Provided entries Block Start

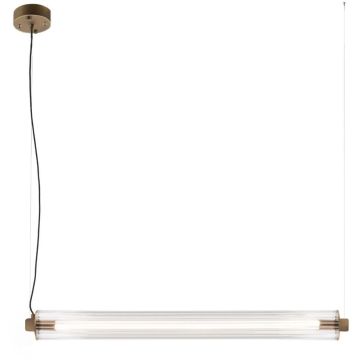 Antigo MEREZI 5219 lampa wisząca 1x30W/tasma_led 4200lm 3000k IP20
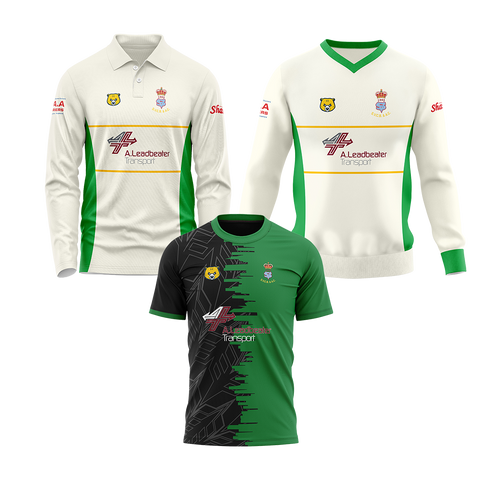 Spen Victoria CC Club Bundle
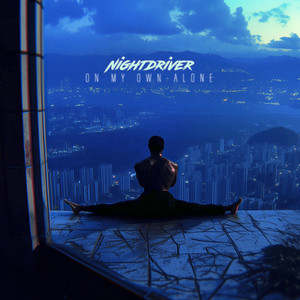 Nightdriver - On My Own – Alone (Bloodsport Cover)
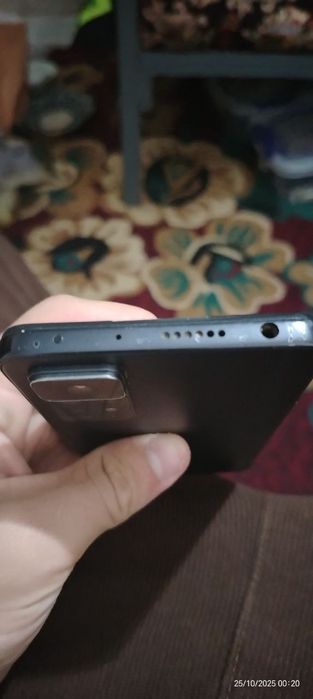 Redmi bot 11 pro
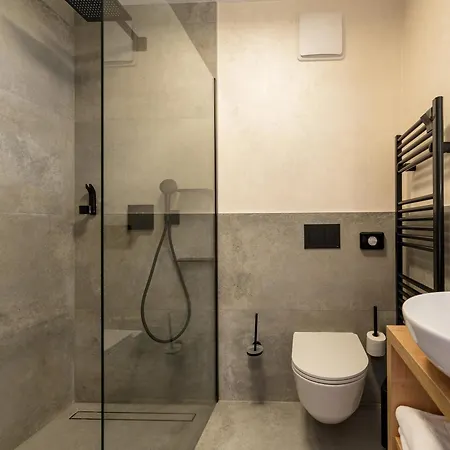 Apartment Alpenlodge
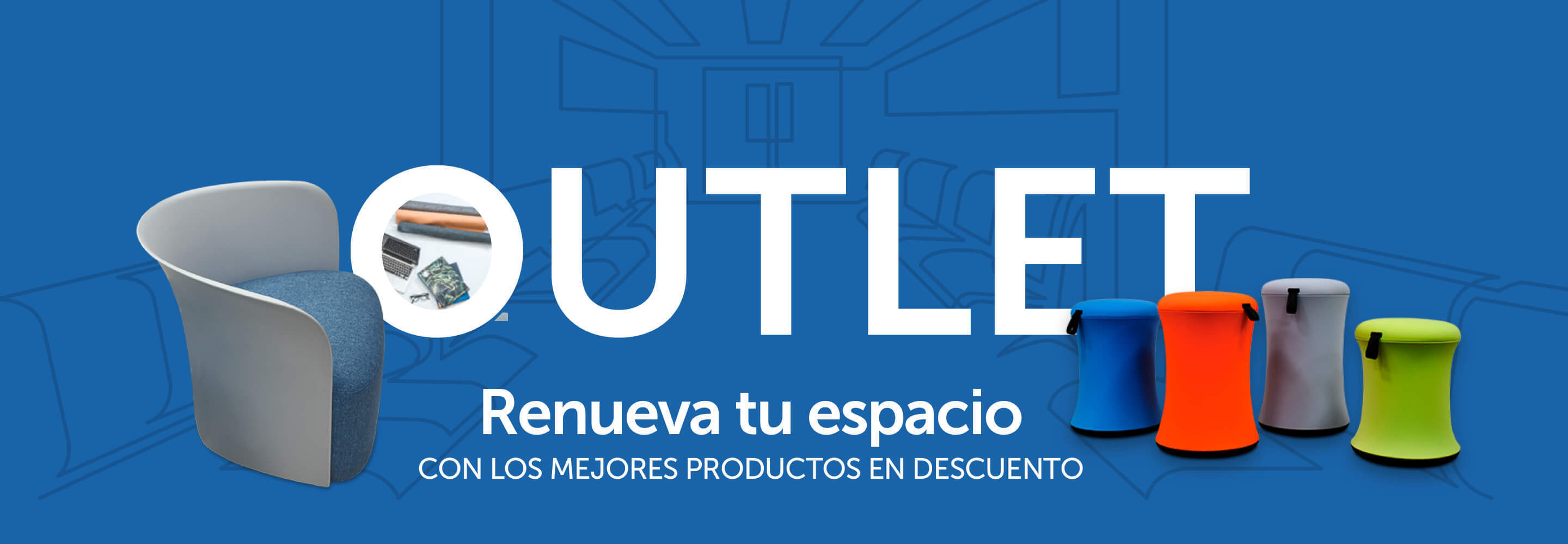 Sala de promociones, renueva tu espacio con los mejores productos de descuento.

Provided entries Block End
Provided entries Block Start

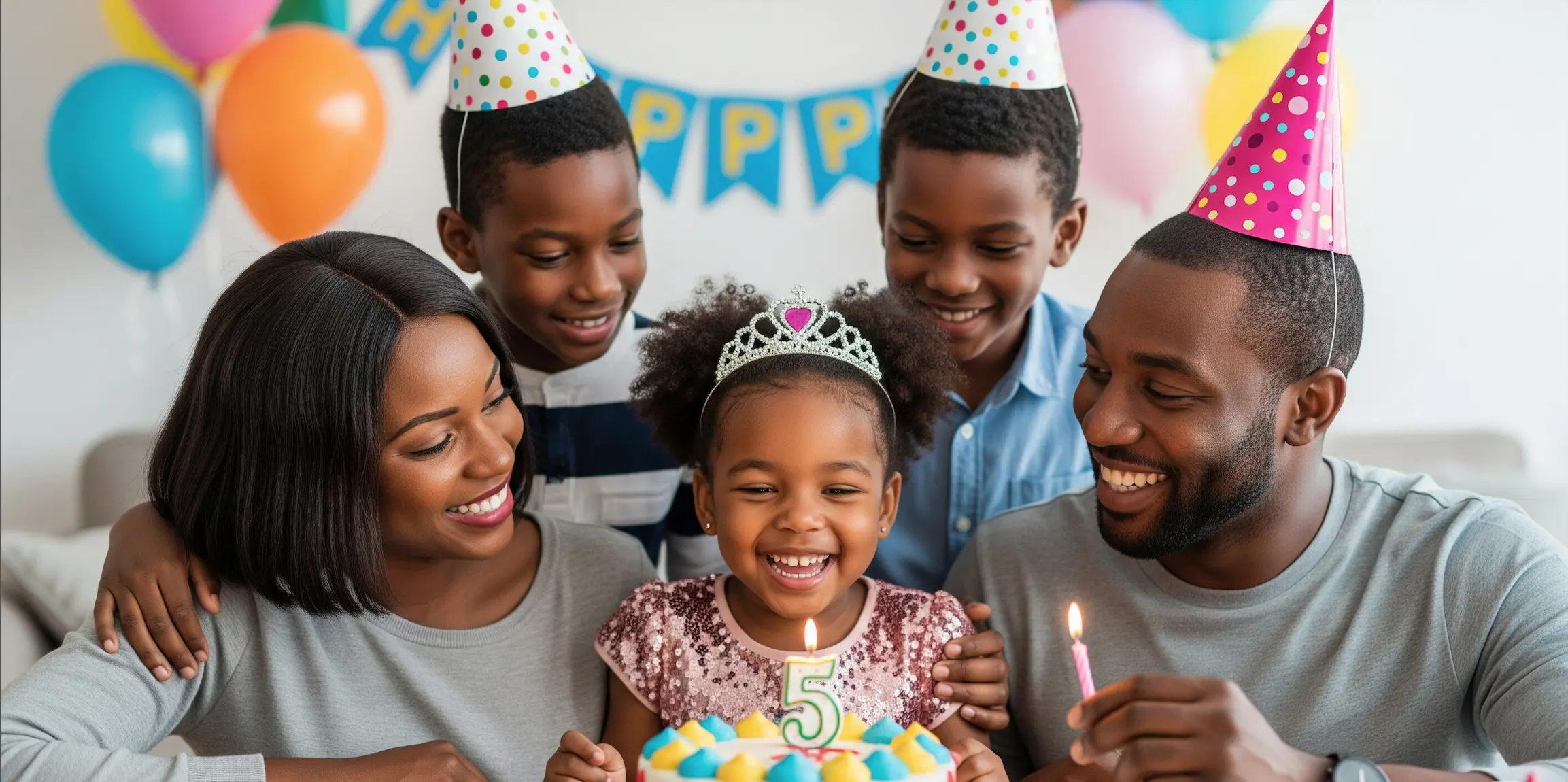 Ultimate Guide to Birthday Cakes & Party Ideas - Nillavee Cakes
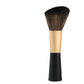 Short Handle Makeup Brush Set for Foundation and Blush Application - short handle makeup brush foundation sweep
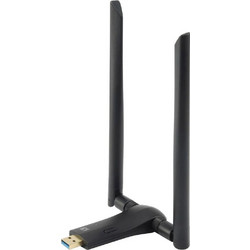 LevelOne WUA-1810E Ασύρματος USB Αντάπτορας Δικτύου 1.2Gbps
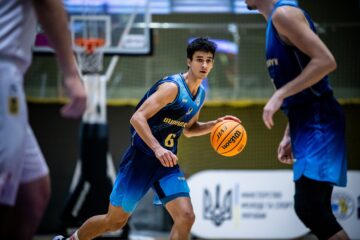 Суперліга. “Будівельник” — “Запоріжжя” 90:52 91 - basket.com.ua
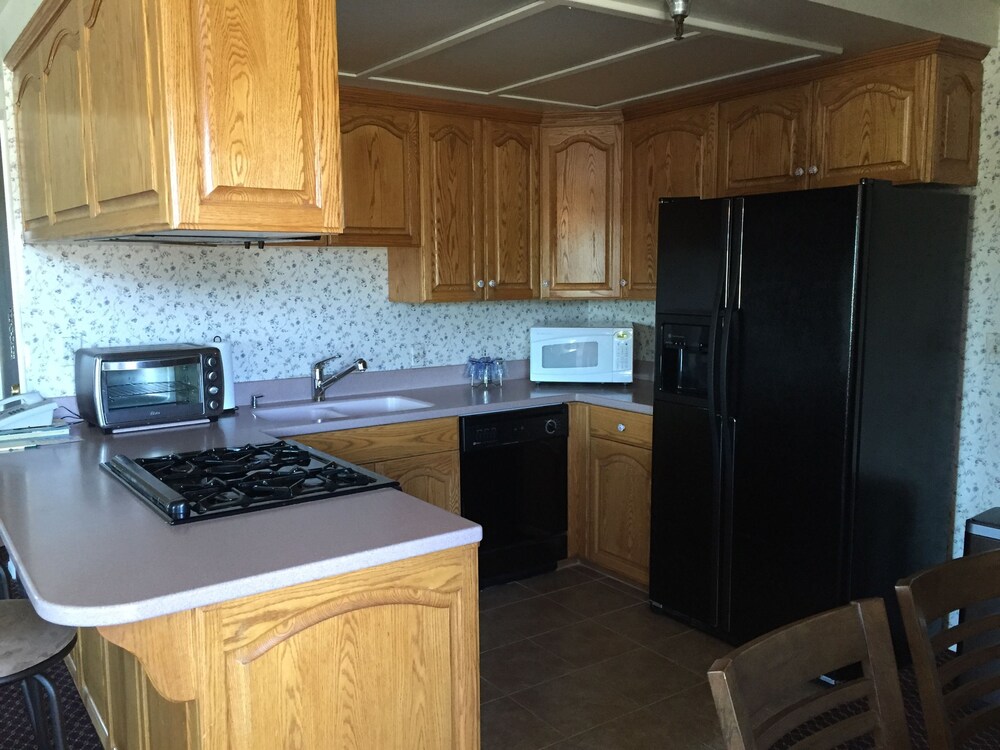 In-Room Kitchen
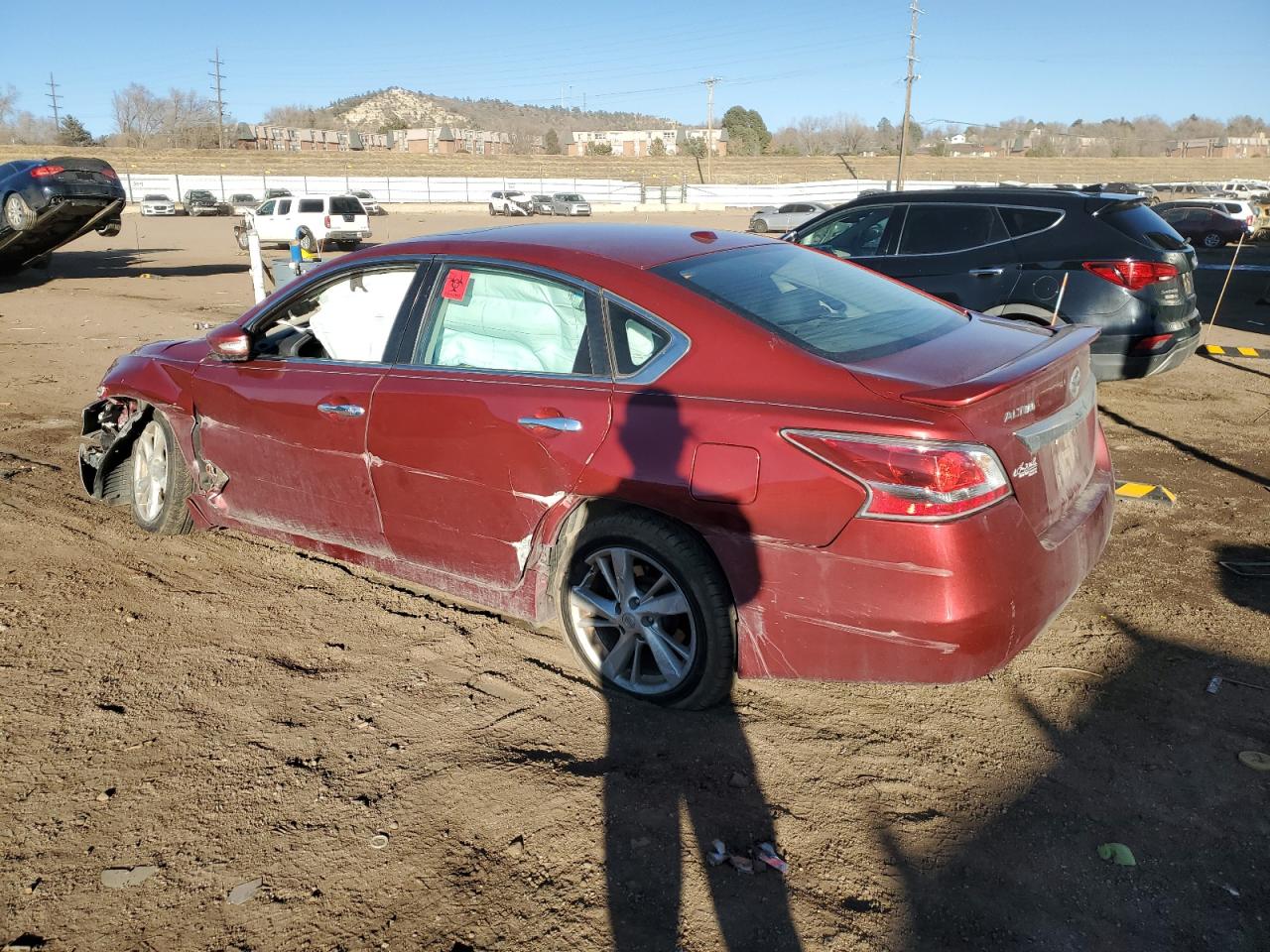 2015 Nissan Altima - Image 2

Provided entries Block End
Provided entries Block Start

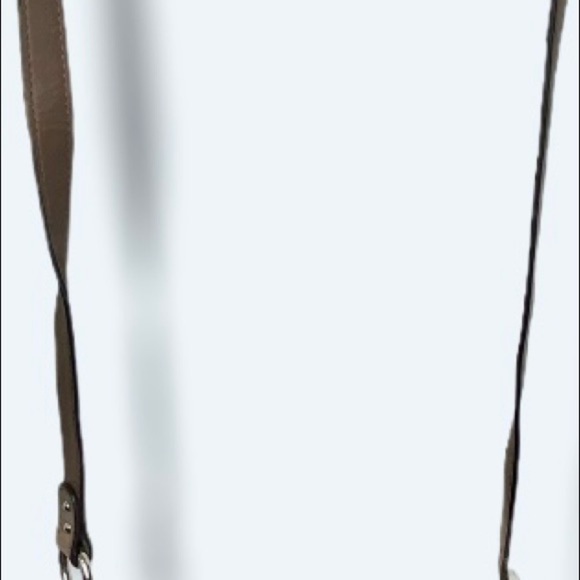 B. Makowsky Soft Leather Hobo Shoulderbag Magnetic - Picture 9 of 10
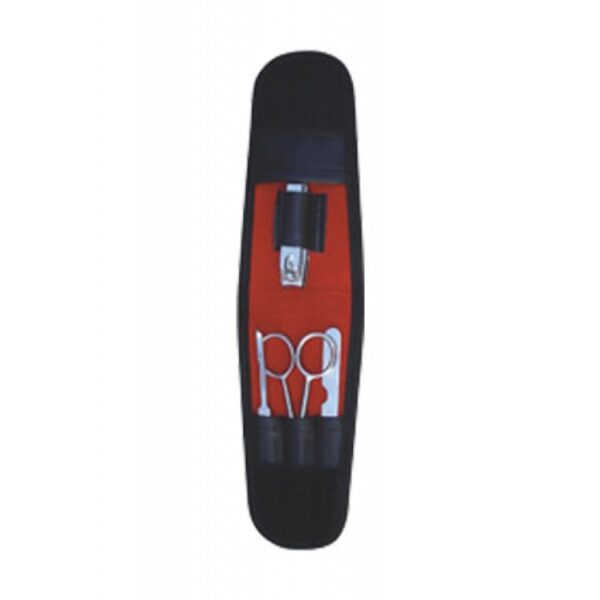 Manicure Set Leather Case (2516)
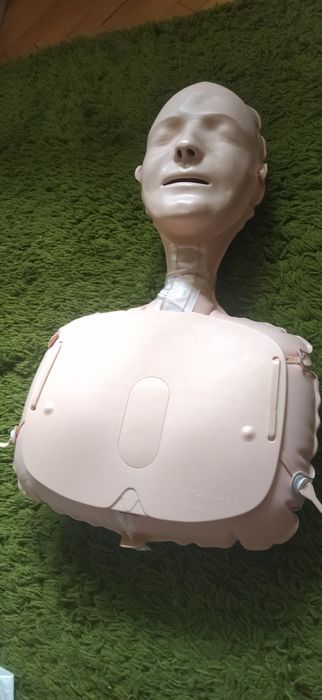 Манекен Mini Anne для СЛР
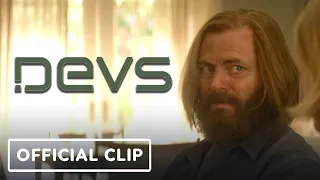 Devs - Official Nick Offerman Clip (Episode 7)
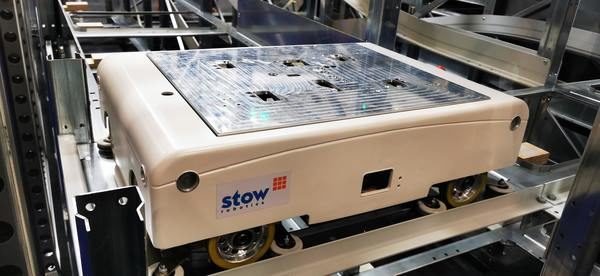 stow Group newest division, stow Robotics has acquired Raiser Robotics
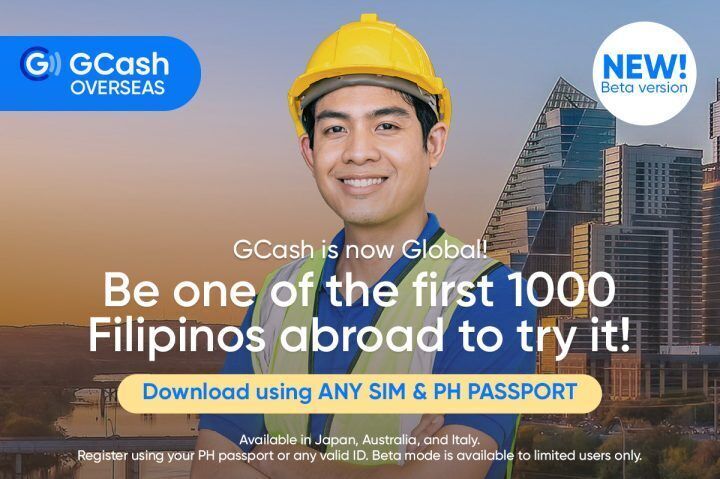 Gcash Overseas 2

Provided entries Block End

**Your goal:** Copy the lines above exactly, starting at the one with "B. Makowsky Soft" and ending at the one with "Gcash Overseas 2", both included. Leave out any pictures and add nothing else.

**Finished exercise:**
 B. Makowsky Soft Leather Hobo Shoulderbag Magnetic - Picture 9 of 10
 Manicure Set Leather Case (2516)
 Манекен Mini Anne для СЛР
 Devs - Official Nick Offerman Clip (Episode 7)
 stow Group newest division, stow Robotics has acquired Raiser Robotics
 Gcash Overseas 2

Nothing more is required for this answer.